Le 9 juin 1782, le chevalier de Kerpoisson, Mme de Kerpoisson, M. et Mme de Rouaud quittent Guérande qu’ils habitent, afin d’accomplir, sans autre motif que leur amusement, le traditionnel voyage à Paris. M. de Rouaud se charge de tenir le journal de l’expédition, et il s’y astreint fidèlement[1]. Le premier soir, les voyageurs s’arrêtent à Donges, après avoir parcouru six lieues ; ils s’y reposent durant cinq jours : le 14 juin, ils traversent la Loire, passent à Paimbœuf et arrivent à Nantes, — lourde étape de dix lieues.

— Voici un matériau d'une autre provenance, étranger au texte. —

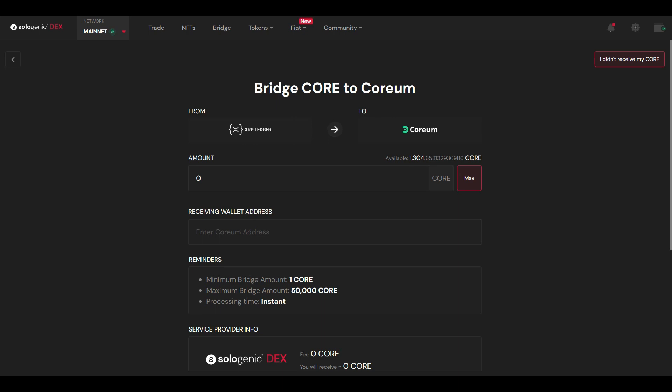All right, as you can see here, bridge XRP to Coreum. Enter the amount. I'm going to enter 250. Receiving address is that one. So you can see the reminders: minimum bridge amount is 1 Coreum, maximum bridge amount 50,000 Coreum. Processing time is instant, and I have heard that is the case. And my last four bridges have been near instant indeed.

Là, ils louent, à raison de cent dix livres, une chaise de poste qui doit les porter jusqu’à Paris, et les voilà s’acheminant, avec courage. La première couchée est à Ancenis, la seconde à Angers où, contrairement à leurs projets, ils ne peuvent séjourner dans la crainte de n’en pouvoir repartir, le comte du Nord, le futur empereur de Russie, Paul Ier, ayant retenu sur la route tous les chevaux de poste. D’Angers à Durtal, de Durtal à la Flèche, puis à Guécelard, au Mans, à Conneré, à la Ferté-Bernard… Ils se traînent ainsi sur

  1. Comte L. Remacle. Voyage de Paris en 1782. Journal d’un gentilhomme breton, Vannes, 1900. Extrait de la Revue de Bretagne, de Vendée et d’Anjou.